Endurance Granny Blog: Post Ride Reflections
#1 Trail Conditions at Henryville: Most of what I saw yesterday did not warrant or require booting. About 2 miles of the ten mile loop was gravel service road. I wonder how much that would slow our time. If Phebes cantered over it I think she could roll over it. Trotting the mechanism is a little different, and that might be a bit of an issue. The Goat Ridge Trail... I would not want to do that switchback if it was wet or muddy in boots. What an incredible drop! If anyone can hurry either down or up it, they are welcome to it. Chris has an onboard heart monitor for her horse and Toby's rate was incredibly high going up that switchback. It is so steep it feels like if you let go of your horse gravity is going to suck you right off the hillside. Road riding: If there is anything I truly am uncomfortable with right now it is riding on the road with my horse. Yesterday was her first experience with that and I am sure she had to be picking up on my sense of panic. We didn't encounter any cars, but we crossed a highway twice. The first time across she got right in the middle and didn't want to step over the yellow lines. David passed me so that Phebes would follow.
Endurance Horse Fitness: An endurance horse in my mind is an "elite" horse. They have to know, experience, and be calm about so many things. They have to develop unbelievable stamina and fitness, and they must learn to take care of themselves. It is no wonder that it takes a couple of years to bring a horse up to peak fitness. I let Phebes out yesterday and we cantered a lot. She did not react physically until about thirteen mile mark. Meaning she did not huff, puff, or get winded. After that we did more intervals. I feel that if I can keep at it with Phebes, give her time between training rides to recover, that eventually she will be a tough little horse. She loves to be out in front, churning along, and I am beginning to find that is not such a bad place to be. Fighting her has been a battle in futility. So my plan will need to shift to building this horse up to do the job she wants to do. We need more work on rating though. If she could learn to trot out instead of canter she would be working aerobically.

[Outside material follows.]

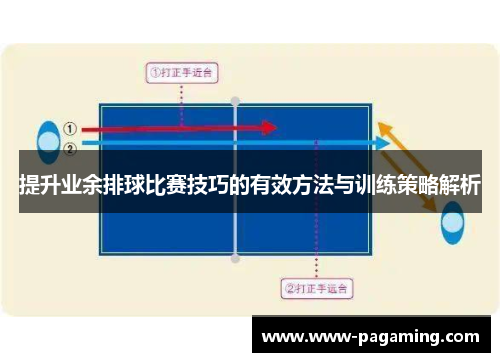 提升业余排球比赛技巧的有效方法与训练策略解析 提升业余排球比赛技巧的有效方法与训练策略解析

Maybe I can borrow an onboard monitor and find out if she works better at the canter than the trot. There has to be some reason that she prefers the faster gait. If she is working more effeciently cantering, then should I leave well enough alone?
Hoof boots: Yesterday was my first experience going at speed in hoof boots. Me being me I had visualized tripping down the trail over them. It was amazing how she just moved on out. I want to put Easycare on notice: PLEASE MAKE SOME GLOVES THAT WILL FIT THE ANGLES & PROPORTIONS OF THE NATURAL BARE FRONT HOOF!!! Round hoof vs. long hoof, and hooves that may have a slightly steeper angle. Come out and mold my horse's front hooves will you? The Easyboot Glove is awesome! I want some for the fronts SO BAD! The Easyboot Glove has been one of the best investments I've made for my horse to date. The Epics performed well, but much harder to apply, and much harder to remove.
Barefooting: Will I continue to truly go barefoot? Absolutely as much as possible because I feel that is the best way to build my horse's tough bare hooves. (But happy to know I have protection for extreme situations).